# Work to complete
Only the pictures should be left out; repeat the rest of the data exactly.

(Scraped caption text data)

══════════

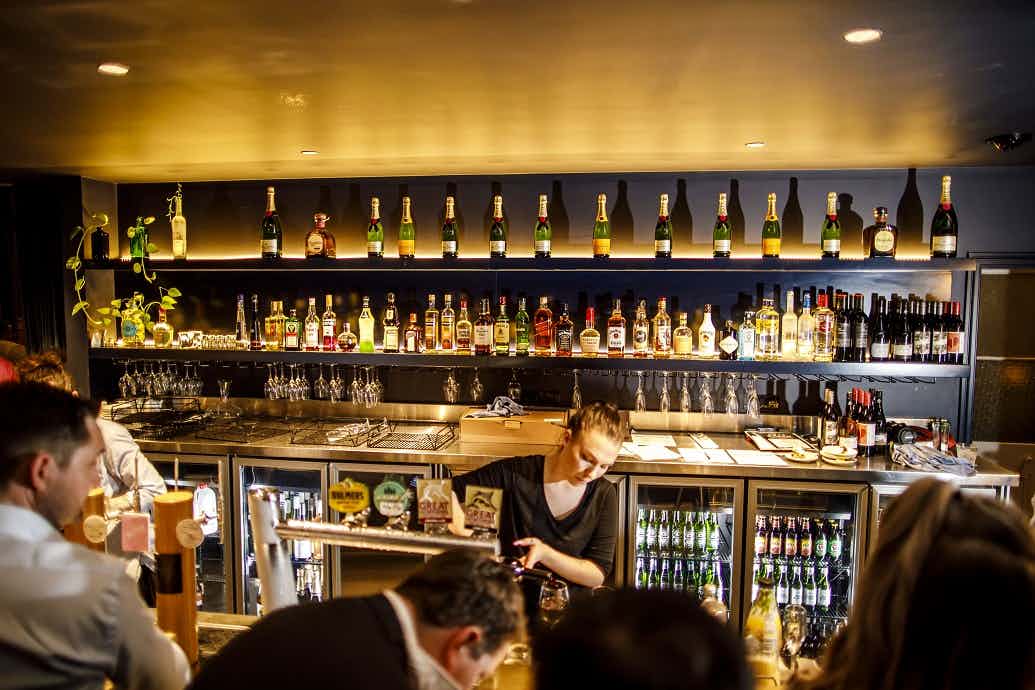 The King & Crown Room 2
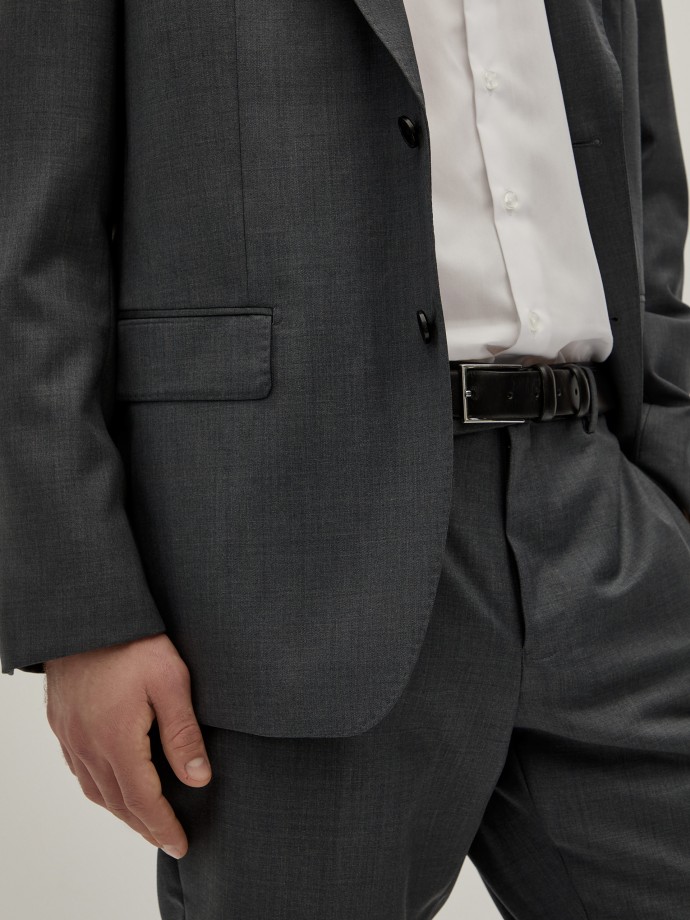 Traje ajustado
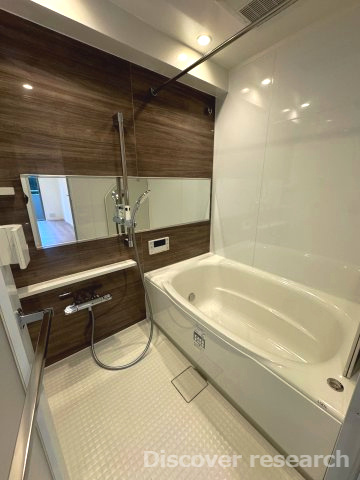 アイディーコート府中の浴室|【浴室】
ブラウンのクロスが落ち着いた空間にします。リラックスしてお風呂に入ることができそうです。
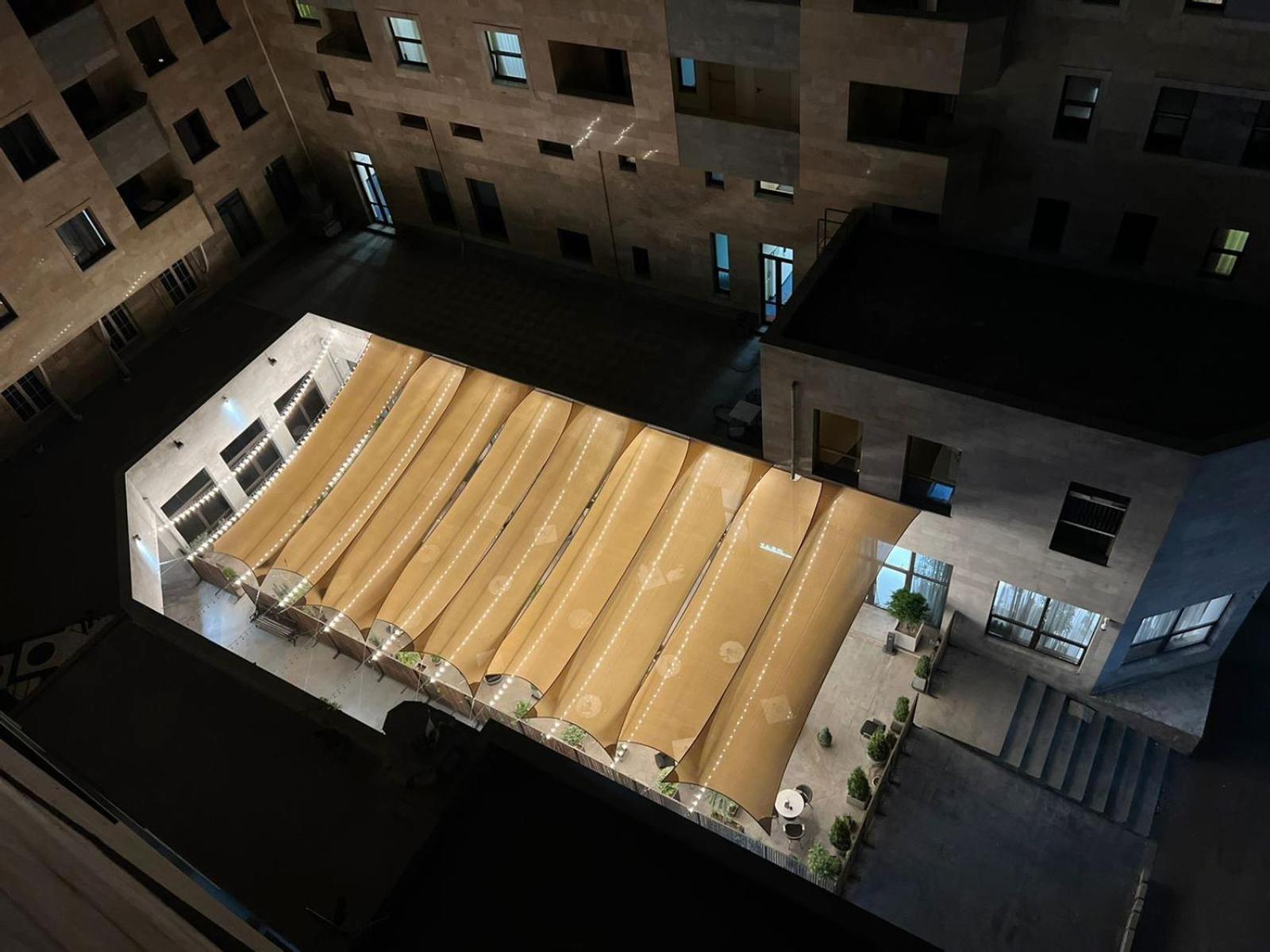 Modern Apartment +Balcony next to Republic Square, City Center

══════════

# Reply to the exercise
 The King & Crown Room 2
 Traje ajustado
 アイディーコート府中の浴室|【浴室】
ブラウンのクロスが落ち着いた空間にします。リラックスしてお風呂に入ることができそうです。
 Modern Apartment +Balcony next to Republic Square, City Center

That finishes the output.